For me, the release of any major game is marked by this strange period of limbo. VideoGame Limbo. Because I'm an English ex-pat living in Germany, I order all of my games from Amazon.co.uk. This is fine when purchasing a game that's been around for a little while, but on a day like today, the major weakness Amazon has over physical, real-life shops is made painfully clear.
At almost midnight last night, an Amazon worker lovingly wrapped my copy of Fallout 3 in that well-known Amazon cradboard game box, slapped on the sticker and shipped it out. I felt a little thrill, as the estimated dispatch date was the 30th, and that Amazon worker had managed to ship it a day early (or 23 minutes early if you want to nit-pick). But it doesn't arrive until tomorrow.
I know it's out there, floating around various European postal services. To their credit, Amazon seem to have a very harmonious relationship with the British and German postal services. Apart from a cock-up leaving me in agony for almost two weeks waiting for Oblivion, deliveries have always met or exceeed my expectations.

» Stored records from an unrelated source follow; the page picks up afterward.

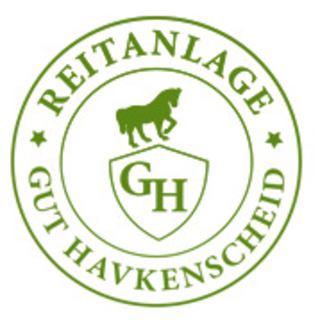 Reitverein Gut Havkenscheid Bochum e.V.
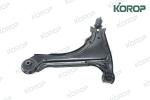 OPEL 1.6 Auto Car CM Suspension Control Arm Assy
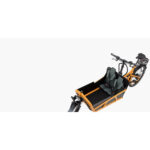 RIESE & MULLER Load4 75 Vario 2024 – Bild 4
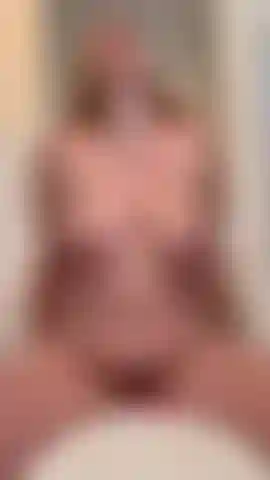 Riding my naughty clit on my little vibrator .. watch as I get wet and orgasm hard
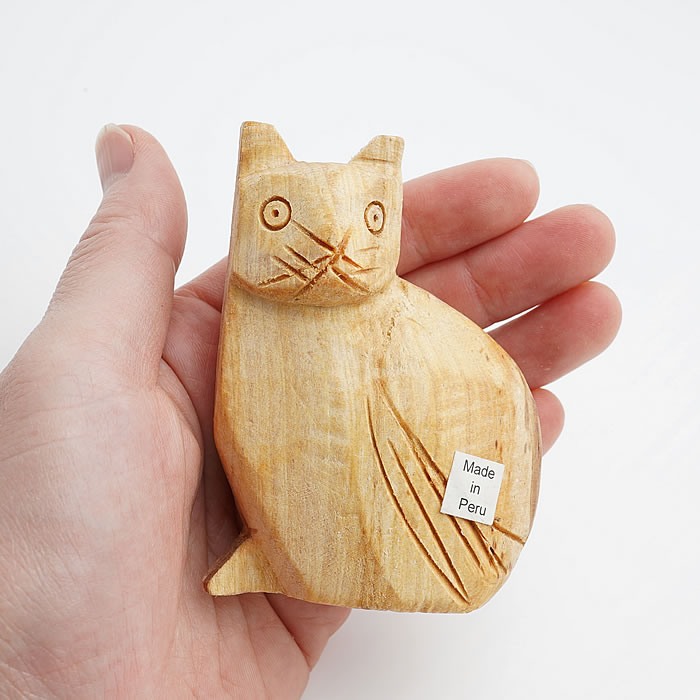 5kg☆限定特選品☆希少レア激安☆聖なる樹【神秘的な香り♢バロサント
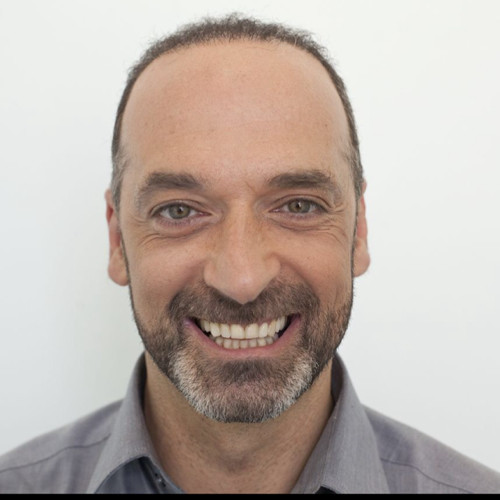 Heitor Lourenço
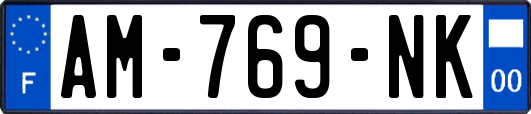 AM-769-NK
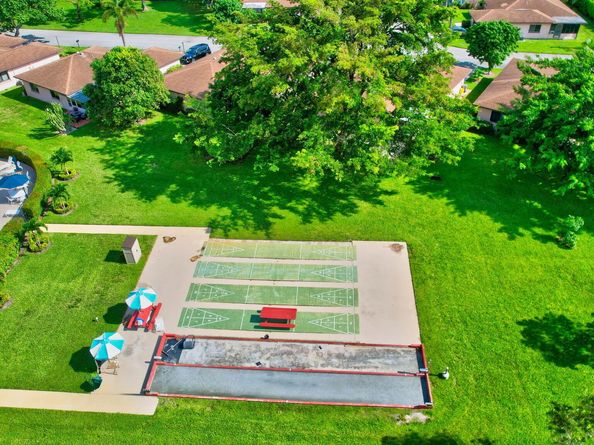 14712 Bonaire Boulevard, Delray Beach FL 33446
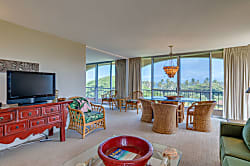 Maui Kaanapali Villas A512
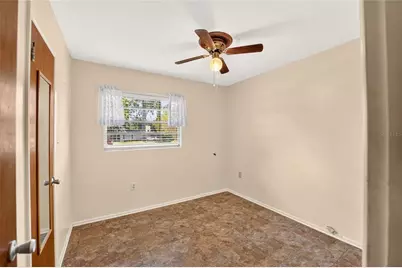 3224 NW 30th Place, Gainesville, FL 32605 - Photo 19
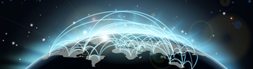 Traceroute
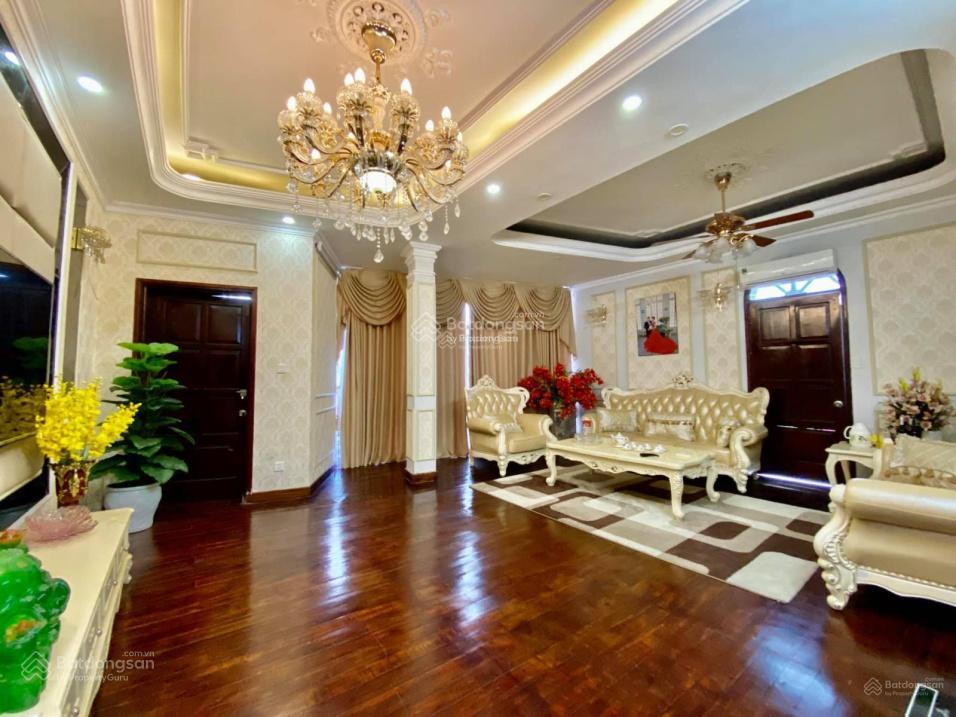 Cho thuê biệt thự linh đàm tiện làm văn phòng, kinh doanh sầm uất, vị trí đắc địa,  0962 982 ***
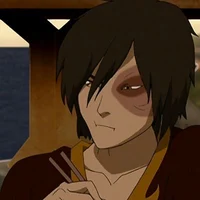 Zuko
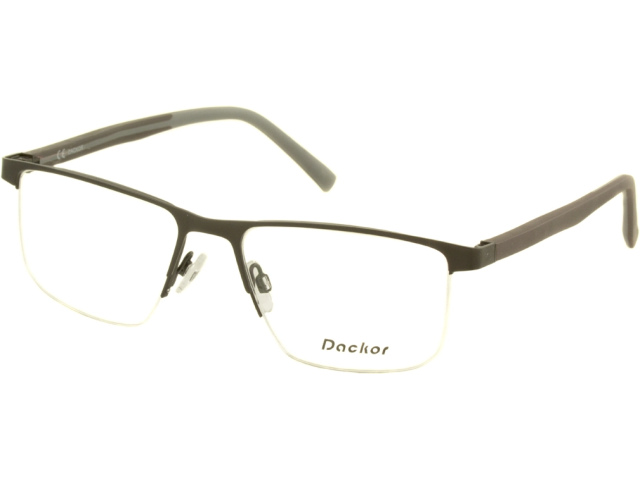 DACKOR 097 brown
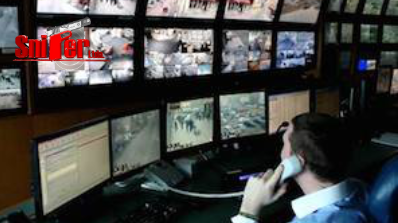 FUNDAMENTACION VIGILANTE 2026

But still nothing can beat getting up early, walking into the shop just after it opens and playing the game a half hour later. When it comes to waiting for a game pre-release, I have endless patience. I'd rather developers take their time to develop a well-rounded game that's as bug-free as possible (but to be fair, I do appreciate realistic release dates to accompany such thorough development). However, I suddenly turn into one of those snotty little kids on christmas eve as soon as the game leaves the warehouse, ever close to throwing a tantrum until my doorbell rings.
So why not just walk into a German shop and pick up a copy? Firstly, the price is higher here than buying on amazon. But for me, the greatest barrier is language. I'm pretty fluent in my host nation's tongue, but I've found that all creative works should be enjoyed as much as possible in their original form. Books, films, videogames; so much is lost in translation. These days, many games are translated pre-release to allow uniform europe- and worldwide launches, but not all of them. One major game release may have completely new voice acting, rewritten menus, newly typed-up subtitles, whilst another bigrelease is thrown to the entire European market in just its original English form. For most games these days, burgeoning space requirements mean limiting a game to one language version per disk.
The other problem is that most of the time, they don't tell you which is which. On some games these days, you'll find little flags telling what language the manual, audio and subtitles are in. But by no means all. Imagine my surprise when I rented out BioShock for the PS3 the other day, to get it home and find that not a word had been translated, it was still exactly as the developers had intended it.
So, there you have it. Two quite different problems that, due to my living arrangements, conspire to keep me away from my beloved games for that agonizing final few extra hours.